Before I met the ugly breakdown, I was a 46-year-old black alpha male, who moved and went about life at his own dictates, worked out at the gym, filled with confidence and personality. Now, some of that has changed. Now, my days are filled with pain and slow methodical movements. I'm reminded of my new normal, the lasting effects of colon cancer. Foods I could eat without premeditated thoughts, I now must back off or face physical pain.
Colon cancer: the ugly breakdown, sucks your strength like a vacuum that can't be disconnected from its power source. All those natural abilities and confidences that come with black manhood, has slowly been eroded. It takes time and hard work and a determination to recover and get back to the first normal.
My new normal is a physical weakness; now I need people to help me. Walking steps can be a chore, long days filled with too much activity can send me to sleep and can make me feel like I want to hibernate for the winter. After a five-hour surgery, a week and day in the hospital, liquid and clear diet, progressing to soft foods and now chemotherapy, I had to realize that hibernation had to come to an end.
I realized through prayer and support, there are only two options, one was to get depressed and die and live in sick dark places. The other is to envision the healing, the future and what it could have been. I have stage three colon cancer, with a great prospect of living for years to come.

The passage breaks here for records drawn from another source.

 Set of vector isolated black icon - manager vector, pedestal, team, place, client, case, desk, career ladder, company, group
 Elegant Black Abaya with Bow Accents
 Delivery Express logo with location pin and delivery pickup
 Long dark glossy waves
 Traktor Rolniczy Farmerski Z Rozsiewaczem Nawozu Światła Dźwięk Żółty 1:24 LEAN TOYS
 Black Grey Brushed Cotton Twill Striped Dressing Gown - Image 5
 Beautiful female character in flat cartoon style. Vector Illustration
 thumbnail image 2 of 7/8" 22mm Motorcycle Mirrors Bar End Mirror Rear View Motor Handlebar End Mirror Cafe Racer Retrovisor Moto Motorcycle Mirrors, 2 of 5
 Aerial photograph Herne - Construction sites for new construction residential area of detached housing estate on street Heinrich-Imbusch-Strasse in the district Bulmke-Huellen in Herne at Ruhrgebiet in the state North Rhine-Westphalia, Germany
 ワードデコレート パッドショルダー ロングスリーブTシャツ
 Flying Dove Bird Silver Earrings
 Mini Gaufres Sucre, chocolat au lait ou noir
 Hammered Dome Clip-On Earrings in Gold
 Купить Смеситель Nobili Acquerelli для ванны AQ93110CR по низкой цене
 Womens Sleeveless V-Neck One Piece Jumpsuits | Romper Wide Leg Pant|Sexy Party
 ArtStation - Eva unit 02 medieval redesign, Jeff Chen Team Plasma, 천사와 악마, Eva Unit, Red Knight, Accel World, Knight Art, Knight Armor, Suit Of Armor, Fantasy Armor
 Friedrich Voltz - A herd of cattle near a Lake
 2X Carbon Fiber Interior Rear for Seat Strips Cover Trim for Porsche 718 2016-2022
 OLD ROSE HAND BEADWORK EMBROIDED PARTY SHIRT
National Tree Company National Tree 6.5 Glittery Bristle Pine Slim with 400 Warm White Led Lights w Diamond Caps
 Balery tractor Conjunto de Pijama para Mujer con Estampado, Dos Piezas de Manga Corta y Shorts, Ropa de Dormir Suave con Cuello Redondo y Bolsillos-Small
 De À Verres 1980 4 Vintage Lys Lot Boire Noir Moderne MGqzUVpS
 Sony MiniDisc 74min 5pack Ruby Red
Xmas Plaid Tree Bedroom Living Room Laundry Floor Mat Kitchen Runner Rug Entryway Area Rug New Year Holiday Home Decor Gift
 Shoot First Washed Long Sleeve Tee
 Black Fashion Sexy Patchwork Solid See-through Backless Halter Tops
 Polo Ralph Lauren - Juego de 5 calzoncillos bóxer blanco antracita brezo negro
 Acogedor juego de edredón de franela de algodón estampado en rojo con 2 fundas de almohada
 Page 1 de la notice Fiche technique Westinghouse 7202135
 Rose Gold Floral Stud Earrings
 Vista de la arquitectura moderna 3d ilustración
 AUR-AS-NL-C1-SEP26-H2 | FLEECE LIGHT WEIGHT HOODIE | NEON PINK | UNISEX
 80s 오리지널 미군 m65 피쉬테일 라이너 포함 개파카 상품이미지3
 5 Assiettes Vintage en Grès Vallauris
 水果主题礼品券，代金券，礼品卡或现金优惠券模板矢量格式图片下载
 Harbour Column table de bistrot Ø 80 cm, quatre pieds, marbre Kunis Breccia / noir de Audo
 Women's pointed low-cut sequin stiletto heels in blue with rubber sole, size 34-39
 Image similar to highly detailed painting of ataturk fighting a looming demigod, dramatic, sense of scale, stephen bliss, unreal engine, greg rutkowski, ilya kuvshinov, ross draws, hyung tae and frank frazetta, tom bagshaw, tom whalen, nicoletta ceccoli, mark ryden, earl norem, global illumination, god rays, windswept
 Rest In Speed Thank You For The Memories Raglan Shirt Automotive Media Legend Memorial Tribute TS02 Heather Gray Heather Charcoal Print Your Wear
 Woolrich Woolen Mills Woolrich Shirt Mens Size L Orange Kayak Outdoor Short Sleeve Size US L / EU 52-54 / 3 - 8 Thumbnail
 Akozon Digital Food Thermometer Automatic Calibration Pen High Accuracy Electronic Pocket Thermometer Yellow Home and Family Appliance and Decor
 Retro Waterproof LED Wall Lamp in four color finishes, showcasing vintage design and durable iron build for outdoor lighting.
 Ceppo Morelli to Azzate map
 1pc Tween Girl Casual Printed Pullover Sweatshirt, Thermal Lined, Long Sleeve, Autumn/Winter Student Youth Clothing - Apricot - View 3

It could have been stage four with no cure and being faced with imminent mortality and helping others preparing for your death service.
Some days, those dark torrents attempt to swallow my faith and positive outlook for the future. At those moments I must rest on the assurances of faith that can't be broken and removed. That strong faith foundation that I've been built on is the umpire of my soul and the regulator for the future. Yes, some days are harder than others, even though my strength has been depleted, my courage has been renewed.
My new normal is the truth that the ugly breakdown can and at some point, experience the beatdown.